It's hard to come up with a more enticing name for a school than "Millionaire University," but in fact institution appears to serve as reminder that, if something seems too good to be true, it probably is. MU, a staple of late-night infomercials, is facing a lawsuit alleging that it scammed its "students" out of hard-earned money in a sleazy real estate scheme.
A group of dissatisfied students across the country have filed a class action lawsuit against the school, alleging that they were tricked into buying property in Florida at grossly inflated prices.
According to the complaint, Millionaire University (MU) "professors" first build trust with their students, then go in for the kill by offering "real estate investment 'opportunities.'" The suit points out that MU students are particularly vulnerable to such schemes, given their desire to invest in real estate but still-undeveloped ability to know a good deal when they see one. Students are also highly motivated to turn a quick buck; MU "real estate courses...generally cost in excess of $20,000."
MU attracts prospective students through infomercials that air across the country. In the advertisements, Russ Whitney, a supposed real estate mogul, tells how he personally made millions of dollars using the techniques taught at MU. (Whitney is the CEO of the Whitney Information Network, which provides the bulk of seminars at MU.) The infomercial then offers testimonials from alumni, who predictably testify to the wealth of information and gobs of money they now possess thanks to MU. Viewers are encouraged to show up for a free one-day seminar -- offered at locations throughout the country -- to see how they, too, can become wildly successful using MU's techniques.
At the seminar, professors follow a prepared script in advising students to increase their credit card limits and enroll in additional MU classes. Students are warned that the one-day seminar only "scratches the surface" of the tools they will need to succeed in real estate, and are encouraged to sign up for "advanced" real-estate seminars, which last three days and regularly run over $10,000. Professors also relate the value of "educational packages," which purportedly provide investment opportunities with a high rate of success; these packages can cost more than $25,000.
Students who opt for the three-day course are taken on a bus tour and shown a new house built by Gulfstream, a southwest Florida homebuilder, in a well-maintained neighborhood. They are then informed that MU has arranged for a "turnkey investment" for a similar home on a "prime lot" that "will pay back every dollar spent by the student for the intensified real estate training at MU and give them capital to jumpstart their real estate investing careers." The investment deal is billed a limited-time offer, encouraging students to jump on the bandwagon as soon as possible.
During the first year, an MU affiliate provides construction loans to finance the lot and construction of the house. The loan is refinanced once the house is fully built. Students are told not to worry, however, as two MU-affiliated realty companies will "use their expertise and 'excellent' reputation to sell the home at a substantial profit" before the student has to pay off the loan.
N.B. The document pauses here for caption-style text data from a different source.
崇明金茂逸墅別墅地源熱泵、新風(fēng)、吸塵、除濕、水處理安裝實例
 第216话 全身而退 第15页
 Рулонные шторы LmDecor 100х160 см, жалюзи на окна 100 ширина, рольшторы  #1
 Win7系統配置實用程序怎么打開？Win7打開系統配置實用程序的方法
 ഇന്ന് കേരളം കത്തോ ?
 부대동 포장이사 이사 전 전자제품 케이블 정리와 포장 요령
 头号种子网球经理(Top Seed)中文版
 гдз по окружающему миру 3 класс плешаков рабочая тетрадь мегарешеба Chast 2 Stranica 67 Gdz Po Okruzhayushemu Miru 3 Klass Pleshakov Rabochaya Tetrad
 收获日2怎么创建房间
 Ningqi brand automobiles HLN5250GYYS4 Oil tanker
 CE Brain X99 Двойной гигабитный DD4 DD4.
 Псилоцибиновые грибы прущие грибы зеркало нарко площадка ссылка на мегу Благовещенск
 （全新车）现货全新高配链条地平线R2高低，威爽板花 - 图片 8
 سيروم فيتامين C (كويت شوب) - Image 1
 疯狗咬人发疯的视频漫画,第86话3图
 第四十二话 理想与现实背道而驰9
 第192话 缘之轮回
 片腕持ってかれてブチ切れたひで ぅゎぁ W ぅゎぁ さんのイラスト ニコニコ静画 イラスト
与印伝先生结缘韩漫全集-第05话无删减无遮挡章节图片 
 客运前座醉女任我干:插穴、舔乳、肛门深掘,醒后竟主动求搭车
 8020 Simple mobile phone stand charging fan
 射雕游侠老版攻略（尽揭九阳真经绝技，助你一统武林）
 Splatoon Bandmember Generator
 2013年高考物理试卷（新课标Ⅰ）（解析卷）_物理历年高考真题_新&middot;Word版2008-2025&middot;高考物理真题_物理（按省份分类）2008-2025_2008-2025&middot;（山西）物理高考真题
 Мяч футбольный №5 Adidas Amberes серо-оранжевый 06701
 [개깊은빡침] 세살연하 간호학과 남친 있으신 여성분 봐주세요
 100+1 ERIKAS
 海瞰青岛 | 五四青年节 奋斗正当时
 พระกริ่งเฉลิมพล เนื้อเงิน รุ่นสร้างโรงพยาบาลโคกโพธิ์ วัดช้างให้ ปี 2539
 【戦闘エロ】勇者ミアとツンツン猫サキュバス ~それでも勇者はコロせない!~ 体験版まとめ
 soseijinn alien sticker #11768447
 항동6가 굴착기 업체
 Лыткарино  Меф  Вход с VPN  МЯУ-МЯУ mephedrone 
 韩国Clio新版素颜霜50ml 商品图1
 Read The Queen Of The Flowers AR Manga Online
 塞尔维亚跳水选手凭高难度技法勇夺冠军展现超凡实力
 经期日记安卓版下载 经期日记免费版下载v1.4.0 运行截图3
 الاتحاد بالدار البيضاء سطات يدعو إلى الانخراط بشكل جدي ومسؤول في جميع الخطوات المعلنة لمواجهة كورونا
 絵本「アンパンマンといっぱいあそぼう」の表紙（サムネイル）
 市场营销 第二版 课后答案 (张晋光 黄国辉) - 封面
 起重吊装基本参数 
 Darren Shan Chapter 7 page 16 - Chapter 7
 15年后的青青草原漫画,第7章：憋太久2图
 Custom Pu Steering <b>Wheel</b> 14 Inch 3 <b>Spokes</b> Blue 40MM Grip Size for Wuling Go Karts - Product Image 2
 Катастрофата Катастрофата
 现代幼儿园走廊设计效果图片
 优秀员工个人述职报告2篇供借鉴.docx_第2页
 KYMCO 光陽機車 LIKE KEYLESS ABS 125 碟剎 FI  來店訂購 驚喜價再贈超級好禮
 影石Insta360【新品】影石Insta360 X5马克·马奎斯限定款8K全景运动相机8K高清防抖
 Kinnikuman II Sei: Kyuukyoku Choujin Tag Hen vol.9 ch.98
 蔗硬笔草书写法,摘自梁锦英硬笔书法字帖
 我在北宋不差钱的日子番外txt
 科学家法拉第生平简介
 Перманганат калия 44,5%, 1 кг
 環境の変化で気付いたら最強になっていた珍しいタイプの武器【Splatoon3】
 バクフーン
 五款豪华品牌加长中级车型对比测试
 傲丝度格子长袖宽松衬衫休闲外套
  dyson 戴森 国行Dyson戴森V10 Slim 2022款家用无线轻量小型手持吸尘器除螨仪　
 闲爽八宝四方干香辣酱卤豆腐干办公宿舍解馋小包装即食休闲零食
MU professors further stress that the homes' prices are low enough that students "should consider buying at least two of them" in order to make the maximum profit.
In fact, the homes are not on prime lots -- they are constructed in "high crime, highly vandalized areas," in locations with no streets, sidewalks, or utilities, save for well water and septic tanks. According to the complaint, MU went on to fraudulently overstate the appraised value of subject properties by "thousands or tens of thousands of dollars," giving them an opportunity to make a handsome profit off the students they brainwashed and manipulated into buying the property. Furthermore, MU saturated neighborhoods with similar homes; some areas have "five or more of the same model home...in close proximity to one another," making resale even more difficult. Indeed, the complaint says that, at best, students were able to sell the homes at a "crippling loss."
The complaint, filed in a Florida federal court, charges sixteen counts, including for breach of fiduciary duties, fraud, violation of mortgage brokerage and lending laws, and violation of the state Unfair and Deceptive Trade Practices Act. In addition to MU, the suit names as defendants over a dozen affiliates that allegedly conspired with MU to perpetuate the fraud. Among those defendants are Gulfstream Development, the homebuilder; Whitney Information Network; and Paradise Title Services. In addition to damages, the plaintiffs seek a declaratory judgment that the properties' mortgages are illegal and therefore void.